◆ **Exercise**: Copy out all lines of the records in which the word "Black" appears.

Given entries Block Start

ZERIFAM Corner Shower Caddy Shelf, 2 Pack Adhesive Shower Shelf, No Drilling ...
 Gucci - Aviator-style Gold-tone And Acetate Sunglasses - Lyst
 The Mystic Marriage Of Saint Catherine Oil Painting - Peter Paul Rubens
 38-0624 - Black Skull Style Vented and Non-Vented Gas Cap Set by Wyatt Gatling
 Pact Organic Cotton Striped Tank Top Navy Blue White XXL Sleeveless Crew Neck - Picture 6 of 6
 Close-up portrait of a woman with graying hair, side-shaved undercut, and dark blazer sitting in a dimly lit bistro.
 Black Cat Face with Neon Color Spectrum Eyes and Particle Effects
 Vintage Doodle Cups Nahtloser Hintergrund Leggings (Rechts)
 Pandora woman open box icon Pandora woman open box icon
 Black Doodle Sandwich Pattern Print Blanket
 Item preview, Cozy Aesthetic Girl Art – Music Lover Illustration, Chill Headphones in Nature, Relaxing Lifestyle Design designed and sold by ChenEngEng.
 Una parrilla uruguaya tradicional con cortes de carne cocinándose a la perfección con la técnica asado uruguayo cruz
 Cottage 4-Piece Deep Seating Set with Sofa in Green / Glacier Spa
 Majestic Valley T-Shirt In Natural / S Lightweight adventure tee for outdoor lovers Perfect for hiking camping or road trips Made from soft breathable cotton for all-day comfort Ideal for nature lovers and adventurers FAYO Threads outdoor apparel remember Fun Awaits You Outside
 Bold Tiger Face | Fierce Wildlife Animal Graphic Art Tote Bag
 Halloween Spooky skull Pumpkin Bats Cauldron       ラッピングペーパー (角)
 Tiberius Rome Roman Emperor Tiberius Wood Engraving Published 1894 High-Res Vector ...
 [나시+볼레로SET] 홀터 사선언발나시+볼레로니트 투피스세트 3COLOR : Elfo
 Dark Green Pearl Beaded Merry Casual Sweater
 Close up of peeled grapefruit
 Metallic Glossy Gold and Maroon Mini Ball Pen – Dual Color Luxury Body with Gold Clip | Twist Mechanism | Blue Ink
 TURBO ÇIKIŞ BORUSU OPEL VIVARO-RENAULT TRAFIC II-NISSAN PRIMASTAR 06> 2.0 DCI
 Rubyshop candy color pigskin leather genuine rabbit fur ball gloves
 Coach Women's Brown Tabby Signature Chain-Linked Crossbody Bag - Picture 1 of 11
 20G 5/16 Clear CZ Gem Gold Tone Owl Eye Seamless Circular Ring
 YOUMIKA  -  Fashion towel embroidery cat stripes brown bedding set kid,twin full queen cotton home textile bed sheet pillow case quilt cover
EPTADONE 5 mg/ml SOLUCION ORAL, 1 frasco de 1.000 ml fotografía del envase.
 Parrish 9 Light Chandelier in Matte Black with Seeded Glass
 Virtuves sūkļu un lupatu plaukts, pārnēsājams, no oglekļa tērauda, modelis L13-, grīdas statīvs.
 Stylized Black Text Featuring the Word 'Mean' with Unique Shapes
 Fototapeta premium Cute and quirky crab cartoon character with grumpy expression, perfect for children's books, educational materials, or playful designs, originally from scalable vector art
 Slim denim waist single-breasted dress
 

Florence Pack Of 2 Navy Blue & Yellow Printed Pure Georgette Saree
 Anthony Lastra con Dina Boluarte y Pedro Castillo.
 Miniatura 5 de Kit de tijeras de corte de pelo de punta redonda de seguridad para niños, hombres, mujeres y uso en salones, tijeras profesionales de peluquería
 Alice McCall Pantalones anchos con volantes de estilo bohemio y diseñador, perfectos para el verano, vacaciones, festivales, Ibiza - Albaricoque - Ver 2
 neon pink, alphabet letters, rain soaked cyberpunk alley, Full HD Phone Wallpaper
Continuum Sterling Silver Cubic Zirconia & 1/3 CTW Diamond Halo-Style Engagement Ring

Given entries Block End

◆ **Expected answer**:
 38-0624 - Black Skull Style Vented and Non-Vented Gas Cap Set by Wyatt Gatling
 Black Cat Face with Neon Color Spectrum Eyes and Particle Effects
 Black Doodle Sandwich Pattern Print Blanket
 Parrish 9 Light Chandelier in Matte Black with Seeded Glass
 Stylized Black Text Featuring the Word 'Mean' with Unique Shapes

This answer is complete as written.